I’m so angry. I’m angry that, despite the efforts of those who dealt with discrimination before me, we still face discrimination. I’m angry that, despite my experiences and battles, I still deal with racism. I’m angry that the generation after me will also suffer because people are unwilling to change. I’m angry that many will say they were never taught. I can’t fault them for that, but it is the fault of the system we have here that we don’t learn about these injustices. I am angry that despite asking for these tough topics to be taught, we are not heard. The Chinese Exclusion Act and the Topaz internment camps are glided over in American History textbooks and Utah history textbooks.

Asian Americans often aren’t heard because we are perceived as the “model minority” — a concept to keep minorities pinned against one another and to allow for privileges to arise. The worst part about it is that it’s so isolating for many of us. White people often group us with people of color while people of color group us with white people because they’re told we are the model minority. We are only the model minority because we are silent and too nervous to “stir the pot.” I myself am a people pleaser because that’s what children of Asian immigrants are often told to be. I’m mad at myself for this. I know I lose sight of my sense of self and my priorities because I get so entranced by white people’s approval. I temporarily forget how hard it is for me and people who look like me. I’m more willing to brush pain aside because I want to be accepted. I am 23 and I’ve already had an overwhelming amount of racist encounters. I believe myself to be fairly resilient, so I wonder — how do others cope with these encounters?

I can’t help but wonder why. Why is this still happening? Have I not struggled enough? Have I not done enough to shield myself? Ultimately, the actions of others are out of my hands, but I hate feeling powerless. It’s not even blatant racism — it’s the microaggressions. They are a leak in our roofs. We put bucket upon bucket to collect the water, we empty each one, but the water keeps flooding. Despite all the efforts to educate, create communities or be heard, there are always obstacles that keep us from making actual repairs. It is because it’s not something that can be accomplished by us alone.

I’m so mad at the people who fail to see their own privilege.

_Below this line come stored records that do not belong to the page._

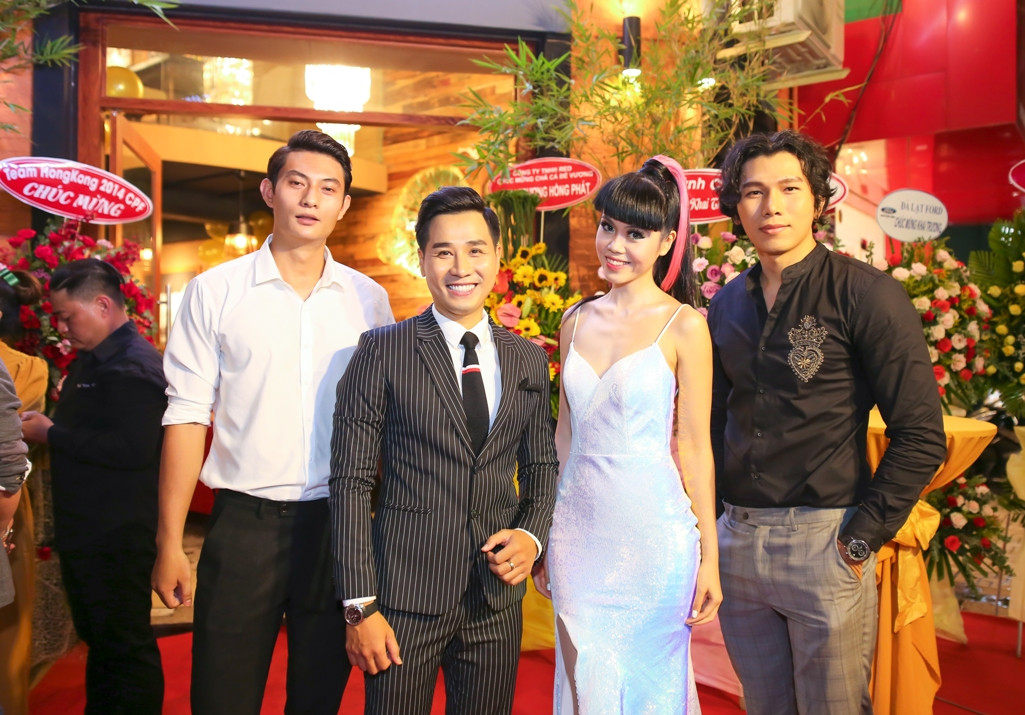 Dương Khắc Linh hộ tống vợ bầu Sara Lưu đến chúc mừng MC Nguyên Khang ảnh 4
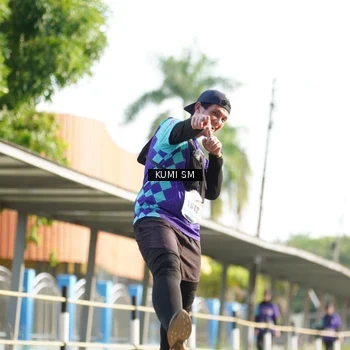 Runner Photo 8185086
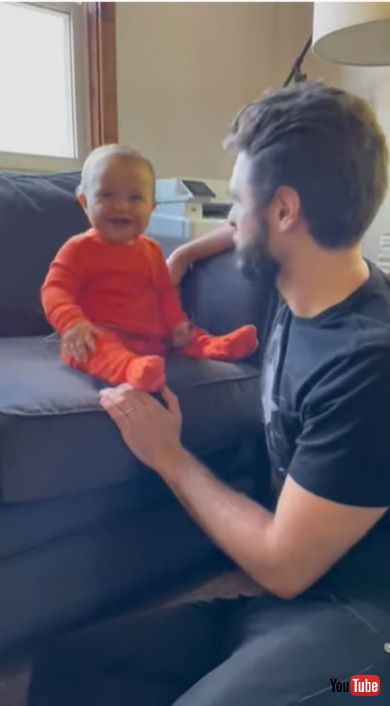 ノリノリのパパと赤ちゃん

I’m mad at them for not using their advantage to help those of us who need it. I get so mad when people don’t take the time to reflect upon their privilege. The ones who refuse to actually be uncomfortable with the thought that they may have advantages that others do not have. With that, consider your own.

I am frustrated that people don’t have this conversation because it is too hard or too upsetting to discuss. I am frustrated that people don’t want to be told they are racist. I am frustrated that some people will avoid discussion and attempt to gaslight themselves out of it. I am frustrated people pretend it doesn’t happen because it is easier for them, which is itself a privilege.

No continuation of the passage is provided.